Defendant, Maria Digennaro, and codefendant, Emmattie Dhanraj, move respectively for an order pursuant to CPLR 3212 dismissing the plaintiff's complaint on the ground that the injuries claimed by the plaintiff fail to satisfy the serious injury threshold requirement of Section 5102(d) of the Insurance Law. In support of the motion, defendant Digennaro submits an affirmation from counsel, Tracy Morgan, Esq; a copy of the pleadings; plaintiff's verified bill of particulars; a copy of the transcript of plaintiff's examination before trial and a copy of the medical report of orthopedist Dr. Salvatore Corso.
Counsel for co-defendant Emmattie Dhanraj, Donald Munson, Esq. cross-moves for the same relief and states that in the interest of brevity, defendant Dhanraj adopts the arguments and proof submitted by the co-defendant with respect to that portion of their motion that pertains to serious injury.
In his verified bill of particulars, the plaintiff states that as a result of the accident he sustained disc bulging at L2-L3, L4-L5, L5-S1 as well as disc herniations at C5-C6, C6-C7 and L3-L4. The plaintiff states that he was confined to bed for a period of one week following the accident and confined to his house for a period of five weeks following the accident. The plaintiff contends that he sustained a serious injury as defined in Insurance Law §5102(d).
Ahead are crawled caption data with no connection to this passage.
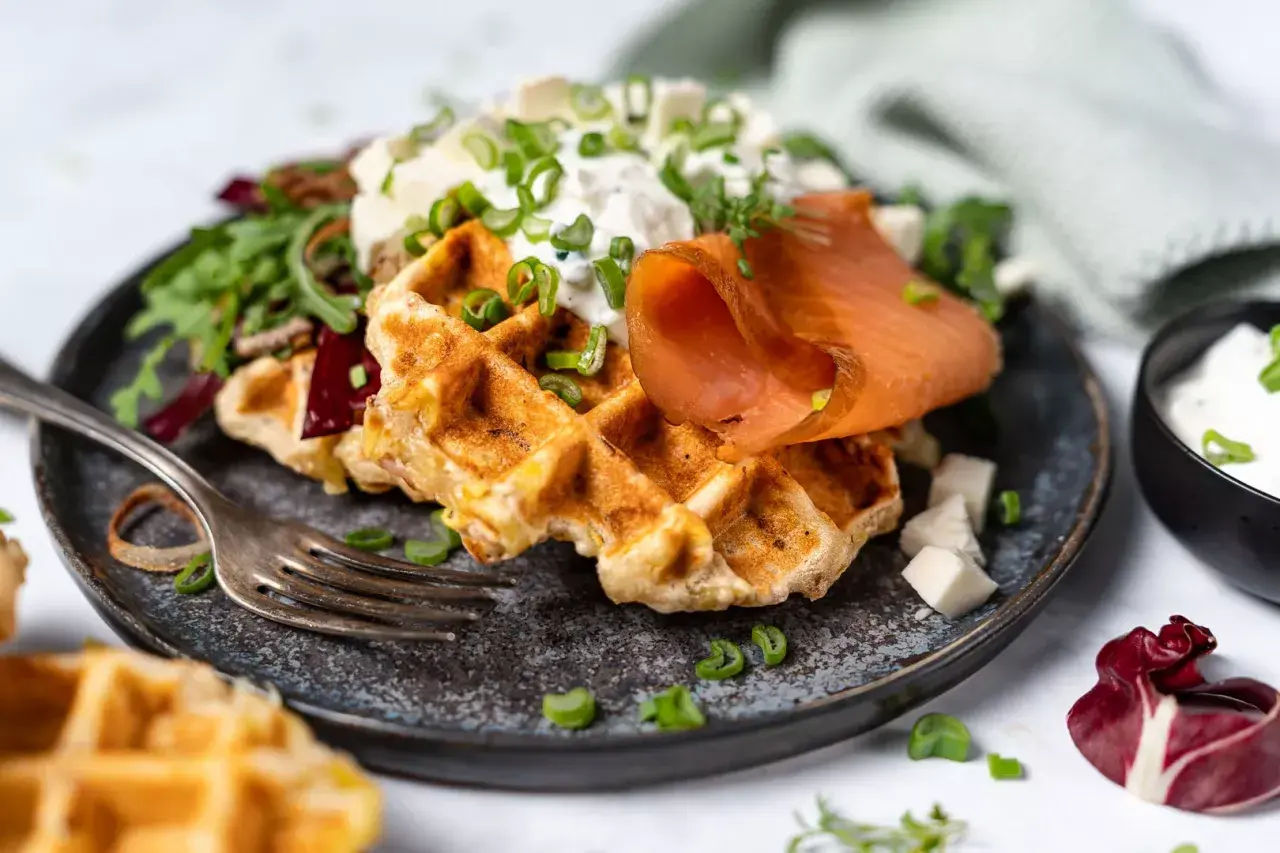 Herzhafte Waffeln mit Räucherlachs, Frischkäse und Schnittlauch. Ein köstliches Gericht, das Lust auf mehr macht.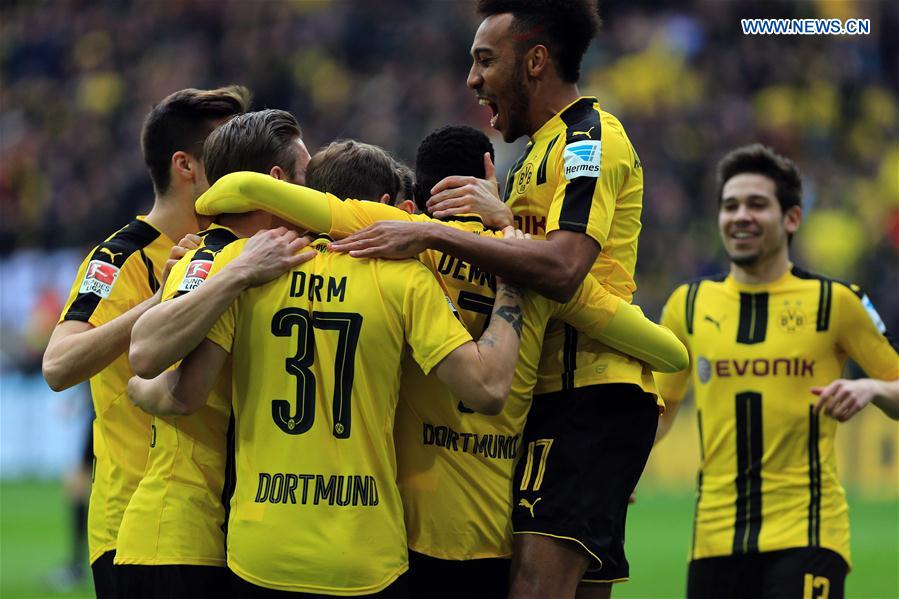 Team members of Borussia Dortmund celebrate after scoring the openning goal during the Bundesliga match against Bayer 04 Leverkusen at Signal Iduna Park in Dortmund, Germany, March 4, 2017. 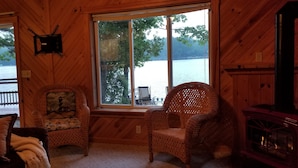 A cozy cabin interior with a large window overlooking a lake, wicker furniture, and a fireplace.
The plaintiff was examined on January 5, 2012 by orthopedist, Dr. Anthony Corso, a physician retained by the defendants. The plaintiff reported that on the date of the accident, May 14, 2009 he injured his neck, right shoulder and lower back. He presented with complaints of neck and lower back pain. Dr. Corso performed quantified and comparative range of motion tests. He found that there was no limitation of range of motion of the plaintiff's cervical spine, right shoulder and thoracolumbar spine. His diagnosis was "status post cervical strain and lumbar strain - resolved, and status post right shoulder sprain resolved. He states that, "based on today's objective physical evaluation, there is no evidence of an orthopedic disability."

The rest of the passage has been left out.